Work task: Scan the entries below for "Flip" and copy each line that holds it.

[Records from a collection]
----------------------------------------

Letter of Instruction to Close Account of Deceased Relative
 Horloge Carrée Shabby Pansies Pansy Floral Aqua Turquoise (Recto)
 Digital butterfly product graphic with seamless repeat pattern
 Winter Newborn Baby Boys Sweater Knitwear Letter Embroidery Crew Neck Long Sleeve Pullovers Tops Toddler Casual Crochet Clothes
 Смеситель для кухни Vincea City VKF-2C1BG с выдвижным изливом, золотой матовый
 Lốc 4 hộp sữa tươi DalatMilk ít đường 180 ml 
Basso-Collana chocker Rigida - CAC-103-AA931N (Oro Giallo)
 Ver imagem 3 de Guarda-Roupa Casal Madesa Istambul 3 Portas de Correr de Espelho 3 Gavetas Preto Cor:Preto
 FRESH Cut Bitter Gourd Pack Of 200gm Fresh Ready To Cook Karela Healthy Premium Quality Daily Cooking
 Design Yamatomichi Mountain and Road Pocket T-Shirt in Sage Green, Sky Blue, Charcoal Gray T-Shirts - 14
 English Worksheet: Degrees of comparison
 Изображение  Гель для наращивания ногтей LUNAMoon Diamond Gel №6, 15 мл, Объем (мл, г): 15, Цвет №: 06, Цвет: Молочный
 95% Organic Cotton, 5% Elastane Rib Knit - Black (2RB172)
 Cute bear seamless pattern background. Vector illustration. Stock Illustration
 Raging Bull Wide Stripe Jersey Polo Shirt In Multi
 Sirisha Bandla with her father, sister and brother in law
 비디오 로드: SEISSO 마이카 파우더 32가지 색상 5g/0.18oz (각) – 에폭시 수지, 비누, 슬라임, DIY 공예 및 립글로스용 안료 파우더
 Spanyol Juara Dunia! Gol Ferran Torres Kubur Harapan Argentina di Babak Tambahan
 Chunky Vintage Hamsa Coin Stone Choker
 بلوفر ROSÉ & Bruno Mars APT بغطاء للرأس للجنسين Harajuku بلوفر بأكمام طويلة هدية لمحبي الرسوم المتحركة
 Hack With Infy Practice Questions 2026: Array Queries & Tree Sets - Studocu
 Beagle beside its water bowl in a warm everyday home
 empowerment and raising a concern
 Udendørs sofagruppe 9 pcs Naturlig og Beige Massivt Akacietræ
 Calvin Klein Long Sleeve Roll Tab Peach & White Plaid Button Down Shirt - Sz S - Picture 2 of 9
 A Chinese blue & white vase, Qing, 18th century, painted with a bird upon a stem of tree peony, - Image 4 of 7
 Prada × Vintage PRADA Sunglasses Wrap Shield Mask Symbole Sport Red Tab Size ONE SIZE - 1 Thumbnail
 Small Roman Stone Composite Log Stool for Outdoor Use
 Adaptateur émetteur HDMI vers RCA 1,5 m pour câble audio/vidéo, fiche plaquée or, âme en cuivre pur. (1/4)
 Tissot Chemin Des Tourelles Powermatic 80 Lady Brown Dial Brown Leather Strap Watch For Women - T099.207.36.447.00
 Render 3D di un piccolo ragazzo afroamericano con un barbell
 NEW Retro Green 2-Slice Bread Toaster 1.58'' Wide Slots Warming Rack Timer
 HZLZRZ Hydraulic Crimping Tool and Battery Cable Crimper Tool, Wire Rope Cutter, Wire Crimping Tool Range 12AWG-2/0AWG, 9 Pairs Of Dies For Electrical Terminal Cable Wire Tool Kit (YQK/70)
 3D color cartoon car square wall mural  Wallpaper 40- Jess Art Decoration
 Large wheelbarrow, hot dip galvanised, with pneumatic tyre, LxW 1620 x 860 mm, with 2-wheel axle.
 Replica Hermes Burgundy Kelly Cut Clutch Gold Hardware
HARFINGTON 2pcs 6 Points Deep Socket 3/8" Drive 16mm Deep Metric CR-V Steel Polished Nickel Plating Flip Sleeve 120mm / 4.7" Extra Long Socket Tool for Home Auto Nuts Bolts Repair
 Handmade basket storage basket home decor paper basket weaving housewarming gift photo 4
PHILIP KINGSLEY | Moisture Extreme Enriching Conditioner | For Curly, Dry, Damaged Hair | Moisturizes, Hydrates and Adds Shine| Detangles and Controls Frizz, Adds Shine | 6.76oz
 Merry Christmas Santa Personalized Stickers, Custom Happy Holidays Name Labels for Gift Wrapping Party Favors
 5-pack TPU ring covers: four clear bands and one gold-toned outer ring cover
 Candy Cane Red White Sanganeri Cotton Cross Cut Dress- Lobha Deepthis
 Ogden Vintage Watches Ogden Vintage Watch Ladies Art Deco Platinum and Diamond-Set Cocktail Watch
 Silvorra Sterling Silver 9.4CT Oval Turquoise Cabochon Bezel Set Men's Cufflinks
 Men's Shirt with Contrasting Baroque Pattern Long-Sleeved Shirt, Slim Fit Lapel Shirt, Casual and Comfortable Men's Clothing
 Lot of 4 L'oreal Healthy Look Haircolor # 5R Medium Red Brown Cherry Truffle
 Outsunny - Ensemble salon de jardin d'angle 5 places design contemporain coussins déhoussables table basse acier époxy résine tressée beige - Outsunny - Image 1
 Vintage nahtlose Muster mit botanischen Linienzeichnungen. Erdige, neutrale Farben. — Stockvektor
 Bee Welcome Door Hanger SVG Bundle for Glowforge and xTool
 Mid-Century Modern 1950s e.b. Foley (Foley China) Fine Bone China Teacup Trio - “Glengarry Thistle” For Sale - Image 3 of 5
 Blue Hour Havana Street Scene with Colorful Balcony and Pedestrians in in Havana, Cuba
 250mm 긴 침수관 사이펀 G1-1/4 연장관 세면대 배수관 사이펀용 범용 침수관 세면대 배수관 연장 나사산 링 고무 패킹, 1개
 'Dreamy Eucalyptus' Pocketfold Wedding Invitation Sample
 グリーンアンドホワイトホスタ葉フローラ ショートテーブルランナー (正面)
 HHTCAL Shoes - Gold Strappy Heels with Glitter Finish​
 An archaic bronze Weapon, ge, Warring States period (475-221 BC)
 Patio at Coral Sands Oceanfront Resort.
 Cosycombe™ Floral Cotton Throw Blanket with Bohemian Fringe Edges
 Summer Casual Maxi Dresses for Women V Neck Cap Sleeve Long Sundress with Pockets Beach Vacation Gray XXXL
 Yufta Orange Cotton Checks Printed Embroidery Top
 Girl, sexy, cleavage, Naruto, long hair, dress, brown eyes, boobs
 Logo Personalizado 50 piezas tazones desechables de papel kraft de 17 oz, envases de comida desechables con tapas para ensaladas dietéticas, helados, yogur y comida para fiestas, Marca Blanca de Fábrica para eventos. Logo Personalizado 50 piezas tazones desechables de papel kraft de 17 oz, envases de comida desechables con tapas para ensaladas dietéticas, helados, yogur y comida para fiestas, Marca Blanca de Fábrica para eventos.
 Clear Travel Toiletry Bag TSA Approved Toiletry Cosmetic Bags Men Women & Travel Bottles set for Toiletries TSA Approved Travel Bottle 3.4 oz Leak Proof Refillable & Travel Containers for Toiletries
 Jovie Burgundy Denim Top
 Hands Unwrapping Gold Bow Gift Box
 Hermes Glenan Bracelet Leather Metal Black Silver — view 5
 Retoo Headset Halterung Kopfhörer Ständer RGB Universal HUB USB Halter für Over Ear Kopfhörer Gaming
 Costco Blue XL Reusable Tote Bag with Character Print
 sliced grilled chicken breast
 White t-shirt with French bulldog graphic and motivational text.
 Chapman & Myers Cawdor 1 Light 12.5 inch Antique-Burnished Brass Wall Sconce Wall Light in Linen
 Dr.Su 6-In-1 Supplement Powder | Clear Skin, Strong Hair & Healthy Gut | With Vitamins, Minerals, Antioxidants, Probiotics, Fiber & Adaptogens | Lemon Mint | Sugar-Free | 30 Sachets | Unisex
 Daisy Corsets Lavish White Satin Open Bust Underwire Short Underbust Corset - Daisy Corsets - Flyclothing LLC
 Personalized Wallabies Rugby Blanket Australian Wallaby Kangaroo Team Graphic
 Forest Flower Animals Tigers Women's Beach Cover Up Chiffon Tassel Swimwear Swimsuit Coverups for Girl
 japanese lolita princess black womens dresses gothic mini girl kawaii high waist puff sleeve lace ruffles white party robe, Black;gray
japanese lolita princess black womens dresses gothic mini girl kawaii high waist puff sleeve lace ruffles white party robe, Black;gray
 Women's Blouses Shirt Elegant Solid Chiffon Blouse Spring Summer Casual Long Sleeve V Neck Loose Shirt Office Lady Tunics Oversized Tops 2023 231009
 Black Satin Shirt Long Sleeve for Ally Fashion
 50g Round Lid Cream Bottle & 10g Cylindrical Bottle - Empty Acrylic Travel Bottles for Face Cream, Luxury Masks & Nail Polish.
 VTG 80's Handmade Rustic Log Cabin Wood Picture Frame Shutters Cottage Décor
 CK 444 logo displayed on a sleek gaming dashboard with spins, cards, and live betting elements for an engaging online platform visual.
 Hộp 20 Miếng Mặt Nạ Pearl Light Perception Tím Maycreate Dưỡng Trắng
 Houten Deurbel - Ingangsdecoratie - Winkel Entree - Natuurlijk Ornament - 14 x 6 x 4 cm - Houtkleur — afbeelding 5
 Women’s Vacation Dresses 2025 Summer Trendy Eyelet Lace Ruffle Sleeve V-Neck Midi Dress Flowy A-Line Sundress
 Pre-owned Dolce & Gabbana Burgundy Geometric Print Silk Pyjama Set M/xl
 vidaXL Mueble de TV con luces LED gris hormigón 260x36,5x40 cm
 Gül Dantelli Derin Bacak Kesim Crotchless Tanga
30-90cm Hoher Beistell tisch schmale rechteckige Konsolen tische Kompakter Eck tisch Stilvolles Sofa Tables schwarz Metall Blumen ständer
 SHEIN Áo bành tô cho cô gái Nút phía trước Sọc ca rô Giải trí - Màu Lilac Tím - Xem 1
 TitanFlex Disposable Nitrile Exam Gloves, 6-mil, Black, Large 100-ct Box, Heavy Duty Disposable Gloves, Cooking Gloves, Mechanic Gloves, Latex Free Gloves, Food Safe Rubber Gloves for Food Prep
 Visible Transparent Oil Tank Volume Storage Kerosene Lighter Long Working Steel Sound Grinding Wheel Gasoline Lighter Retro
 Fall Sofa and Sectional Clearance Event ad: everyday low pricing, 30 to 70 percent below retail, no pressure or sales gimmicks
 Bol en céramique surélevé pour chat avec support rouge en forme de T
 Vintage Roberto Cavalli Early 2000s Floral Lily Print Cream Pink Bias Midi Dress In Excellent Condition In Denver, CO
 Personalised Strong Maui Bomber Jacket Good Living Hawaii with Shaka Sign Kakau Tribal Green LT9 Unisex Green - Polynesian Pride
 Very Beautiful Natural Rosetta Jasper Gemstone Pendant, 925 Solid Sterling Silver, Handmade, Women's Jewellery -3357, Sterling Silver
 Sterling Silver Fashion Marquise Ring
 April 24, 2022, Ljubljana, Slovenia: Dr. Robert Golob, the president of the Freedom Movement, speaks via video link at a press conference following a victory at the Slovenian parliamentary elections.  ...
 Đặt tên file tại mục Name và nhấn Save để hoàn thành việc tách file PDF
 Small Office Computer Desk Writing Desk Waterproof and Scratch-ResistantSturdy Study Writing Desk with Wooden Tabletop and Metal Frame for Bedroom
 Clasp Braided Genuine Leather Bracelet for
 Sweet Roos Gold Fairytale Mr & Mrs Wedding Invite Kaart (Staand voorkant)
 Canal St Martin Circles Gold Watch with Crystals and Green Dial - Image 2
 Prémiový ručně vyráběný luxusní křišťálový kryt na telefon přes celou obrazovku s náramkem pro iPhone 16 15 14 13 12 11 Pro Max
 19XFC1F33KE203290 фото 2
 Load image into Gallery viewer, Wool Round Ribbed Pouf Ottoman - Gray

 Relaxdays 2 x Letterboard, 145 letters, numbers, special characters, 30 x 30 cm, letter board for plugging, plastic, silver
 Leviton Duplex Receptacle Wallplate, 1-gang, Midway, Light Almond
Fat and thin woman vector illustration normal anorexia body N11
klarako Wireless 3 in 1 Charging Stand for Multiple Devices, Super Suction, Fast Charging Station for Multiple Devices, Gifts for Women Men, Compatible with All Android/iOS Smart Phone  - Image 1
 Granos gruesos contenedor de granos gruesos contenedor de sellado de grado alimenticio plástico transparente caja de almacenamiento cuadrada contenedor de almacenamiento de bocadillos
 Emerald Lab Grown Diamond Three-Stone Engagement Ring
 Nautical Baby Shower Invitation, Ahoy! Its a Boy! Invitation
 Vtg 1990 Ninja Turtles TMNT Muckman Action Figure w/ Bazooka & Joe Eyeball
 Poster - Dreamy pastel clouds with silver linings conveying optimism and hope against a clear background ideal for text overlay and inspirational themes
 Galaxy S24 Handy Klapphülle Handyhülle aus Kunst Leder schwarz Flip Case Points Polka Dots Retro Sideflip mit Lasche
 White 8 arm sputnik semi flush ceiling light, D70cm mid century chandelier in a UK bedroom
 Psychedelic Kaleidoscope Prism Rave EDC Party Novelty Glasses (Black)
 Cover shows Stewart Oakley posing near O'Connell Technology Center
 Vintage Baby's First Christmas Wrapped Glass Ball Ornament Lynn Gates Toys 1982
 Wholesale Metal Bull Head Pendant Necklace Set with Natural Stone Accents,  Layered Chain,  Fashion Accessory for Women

----------------------------------------

Answer to this exercise:
HARFINGTON 2pcs 6 Points Deep Socket 3/8" Drive 16mm Deep Metric CR-V Steel Polished Nickel Plating Flip Sleeve 120mm / 4.7" Extra Long Socket Tool for Home Auto Nuts Bolts Repair
 Galaxy S24 Handy Klapphülle Handyhülle aus Kunst Leder schwarz Flip Case Points Polka Dots Retro Sideflip mit Lasche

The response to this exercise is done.